Dimbleby half right on BBC management
There was something quite blissful about David Dimbleby’s contribution to today’s BBC Today programme (12 November 2012). He said the BBC was over-managed, and that such organisations as the BBC and NHS spawned bureaucracies. The paradox here is that he doesn’t grasp that one reason that the NHS and the BBC are alike is that they are both state-sponsored behemoths with monolithic tendencies.
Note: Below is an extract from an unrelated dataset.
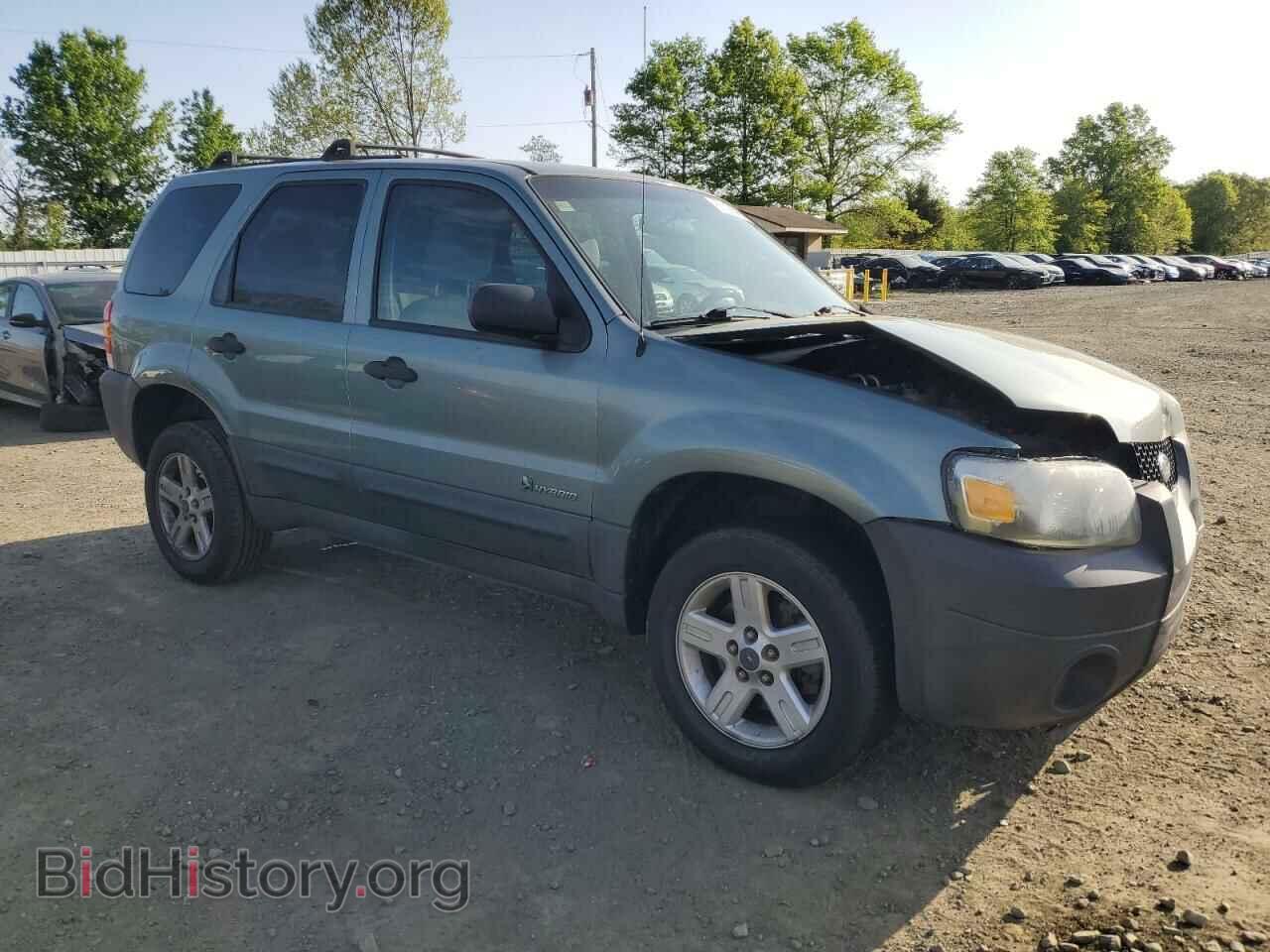 2005 FORD ESCAPE - VIN: 1FMCU96HX5KC45835 - Фото 4
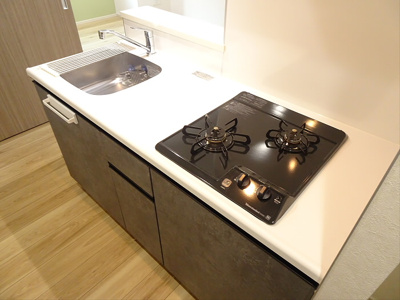 【キッチン】 | コンフォリア幡ヶ谷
It is worth saying that even if the BBC or the NHS is over-managed, the real term to use is “badly-managed”. Any organisation, large or small, needs good management. But creative and caring organisations face a special problem: the “sharp-end” of professionals despises management as mechanical, obstructionist dullards. Chris Patten seems to have been spot-on when he remarked on the Andrew Marr Show something to the effect that too many editorial and creative people in the BBC did not realise that they were, actually, in management and – he implied – needed to grow up and accept the fact. Tangentially, it is worth agreeing with Patience Wheatcroft’s remark on today’s Today show that it was absurd that the BBC should have a compliance department when – she said in terms – compliance with journalistic standards is the disciplinary half of what editors do for a living.
It is worth adding that even a right-winger like me, who is primed to suspect state-sponsored organisations, cannot reach for the idea that no organisations should be state-sponsored. I am a fan of the idea of a Civil Service, for instance. And it should be obvious that since I am a fan of good management I am a fan of bureaucracy: I merely stress that both should be as lean and smart as possible.
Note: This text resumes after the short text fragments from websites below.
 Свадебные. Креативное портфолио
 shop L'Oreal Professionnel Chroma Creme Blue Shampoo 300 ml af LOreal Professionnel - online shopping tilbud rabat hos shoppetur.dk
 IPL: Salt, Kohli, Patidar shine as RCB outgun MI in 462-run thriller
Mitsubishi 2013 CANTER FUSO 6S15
And yet there is a logic to my delight that a Dimbleby should compare the BBC to the NHS. My book, “Scrap the BBC!”, argued that we should get rid of the BBC partly because it would be easy to do and a good rehearsal for getting rid of the NHS. And they both needed to be scrapped because services should not be provided by huge, nationalised, tax-funded organisations if at all possible. The existence of such bodies, funded in that way, infantilises society. The BBC and the NHS make cowards and children of us all. The BBC aunties us and the NHS nannies us.
I argued in the book that the BBC was usually defended on the grounds that it was a necessary institution. But actually, I think its Dimble-oid characteristics are a big part of the harm it does. In short, we do not need the BBC because it alone can do Remembrance Sunday. Similarly, we don’t need the BBC because it alone has the institutional memory which holds the nation’s broadcasting together. Indeed, time and again the BBC has recently given us evidence that it is not good at these supposed parts of its genius, and other institutions have demonstrated they are quite good at corralling experienced talent. (By the way, the BBC’s Olympic overage was brilliant as a bread-and-circus operation for a parochial British people, but the reporting was very nearly xenophobic and certainly did no favours to the concept that Britain was playing host to the whole world for that fortnight, as Mark Thompson nearly pointed out, in what was an insight he might have had straight from Reith. I add this remark to head-off one major strand of recent BBC self-congratulation.)
Anyway, for as long as the the BBC and NHS exist, they both pose fascinating management challenges problems which everyone ought to hope will be dealt with well.